The Night After Christmas
'Twas the night after Christmas, when all through the house
Was an orgy of presents, worth more than... the house;
The Xbox was stuffed up the chimney with care,
For fear that the repo-man soon would be there;
My mind, it was pondering, while laying in bed,
A vision of bankruptcy danced in my head;
And mamma in her 'kerchief, and I in my cap,
Had just barely survived this consumerist trap,
When out in the yard there arose such a clatter,
I fell out of the bed; several ribs did I shatter.
Away to the window I limped like a mule,
Still drunk as a fish, from the tidings of yule.

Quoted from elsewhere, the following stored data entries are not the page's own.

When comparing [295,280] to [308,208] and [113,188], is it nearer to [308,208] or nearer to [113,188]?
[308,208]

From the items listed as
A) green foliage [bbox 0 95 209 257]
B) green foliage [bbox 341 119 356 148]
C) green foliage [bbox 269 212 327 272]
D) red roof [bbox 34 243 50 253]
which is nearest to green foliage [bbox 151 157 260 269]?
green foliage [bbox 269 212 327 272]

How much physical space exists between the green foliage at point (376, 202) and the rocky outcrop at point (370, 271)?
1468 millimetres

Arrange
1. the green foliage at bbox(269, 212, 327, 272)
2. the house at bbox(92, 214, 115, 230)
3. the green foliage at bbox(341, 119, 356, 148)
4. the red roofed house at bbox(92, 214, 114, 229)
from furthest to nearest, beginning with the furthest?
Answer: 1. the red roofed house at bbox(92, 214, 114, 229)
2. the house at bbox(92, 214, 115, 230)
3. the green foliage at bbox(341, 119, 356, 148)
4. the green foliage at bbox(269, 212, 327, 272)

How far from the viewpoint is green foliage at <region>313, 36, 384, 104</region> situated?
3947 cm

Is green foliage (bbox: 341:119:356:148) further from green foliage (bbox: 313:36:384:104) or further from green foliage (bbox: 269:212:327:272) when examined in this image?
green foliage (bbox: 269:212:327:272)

The moon on the roof of my new minivan,
Gave a lustrous sheen you just can't buy in a can,
When, what to my grog-fuddled eyes should turn up,
But a furniture van, with eight dwarves in the truck,
With a little old driver, so deceitful and slick,
I guessed at that moment, "He's probably named Nick."

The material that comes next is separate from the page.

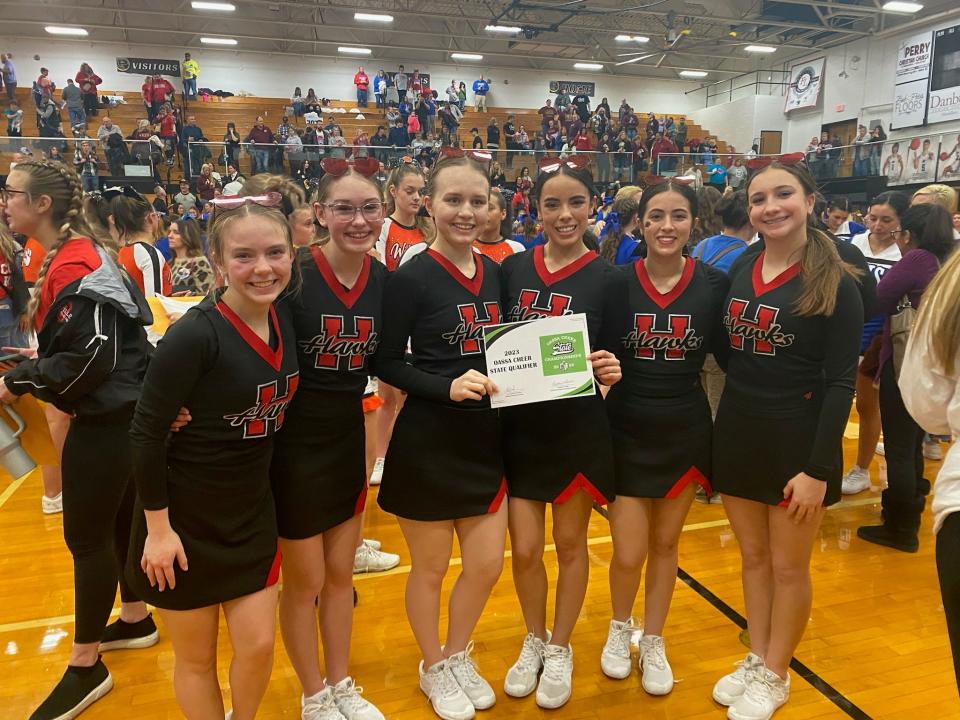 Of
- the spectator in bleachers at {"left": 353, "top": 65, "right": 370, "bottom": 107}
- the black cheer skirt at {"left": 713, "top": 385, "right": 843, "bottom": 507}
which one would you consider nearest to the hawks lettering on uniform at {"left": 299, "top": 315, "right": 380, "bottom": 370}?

More rapid than vermin his movers they came,
And he blasphemed and cussed, as he called them by name;
"Now, Tony and Angelo! Vincent! Emilio!
Go, Raymond! Rosario! And Danny and Guido!

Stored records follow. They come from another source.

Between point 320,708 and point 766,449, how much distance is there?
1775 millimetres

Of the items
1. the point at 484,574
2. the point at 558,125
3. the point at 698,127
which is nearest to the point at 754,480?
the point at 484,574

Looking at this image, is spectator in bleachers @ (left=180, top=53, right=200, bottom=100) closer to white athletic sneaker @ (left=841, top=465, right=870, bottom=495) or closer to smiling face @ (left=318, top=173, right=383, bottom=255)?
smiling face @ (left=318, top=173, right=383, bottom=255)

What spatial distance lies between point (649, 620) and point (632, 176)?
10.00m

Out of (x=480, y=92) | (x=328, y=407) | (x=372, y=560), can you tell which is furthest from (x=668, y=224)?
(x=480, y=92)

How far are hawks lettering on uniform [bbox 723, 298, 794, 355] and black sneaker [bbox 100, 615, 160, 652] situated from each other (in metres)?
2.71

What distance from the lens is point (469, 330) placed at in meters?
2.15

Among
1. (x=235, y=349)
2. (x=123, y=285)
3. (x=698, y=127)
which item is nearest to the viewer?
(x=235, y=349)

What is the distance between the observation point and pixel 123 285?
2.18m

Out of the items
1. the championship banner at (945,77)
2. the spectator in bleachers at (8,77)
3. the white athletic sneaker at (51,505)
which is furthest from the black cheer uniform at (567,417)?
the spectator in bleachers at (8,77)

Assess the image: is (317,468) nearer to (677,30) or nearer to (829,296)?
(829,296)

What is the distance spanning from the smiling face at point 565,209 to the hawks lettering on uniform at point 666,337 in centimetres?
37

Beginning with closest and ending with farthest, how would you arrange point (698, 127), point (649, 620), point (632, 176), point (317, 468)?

I want half on the front door and half on the side!
We need this crap moved by a quarter to five!"
And then, in a twinkling, I heard from the room
The scraping and prying of objects removed.
As I cradled my head, and was turning around,
Into the foyer Nick came with a bound.
He was dressed all in black, the irreverent weasel,
And he sported some pipes 'bout the size of Vin Diesel;
A bundle of tools he had flung on his back,
And he looked like a shyster, or a lawyer on crack.
His eyes—they were sunken! his dimples unmerry!
His cheeks were like hockey pucks, his nose—frickin' scary!
His tight little mouth was drawn up like a noose,
And the look on his face said "I'll cook your goose.";
The stump of a gun he held firm in his hand,
Left no dangling question 'bout who was the man;
He had a hard face and a prominent belly,
That shook, when he laughed like a bowl of spaghetti.
He was alarmingly grim, a right nasty old elf,
And I whizzed in my boxers, in spite of myself;
A wink of his eye and a twist of his head,
Soon gave me to know I that I may turn up dead;
He spoke not a word, but went straight to his work,
And stole all our presents; the contemptuous jerk,
And raising his finger in the mid of his hand,
He asked for my credit cards, and said I was banned;
He sprang to his truck, to his thugs gave an order,
And they made for the hills, like those folks near the border.
But I heard him exclaim, ere he drove out of sight,
"Some things may be priceless, but debt just ain't right."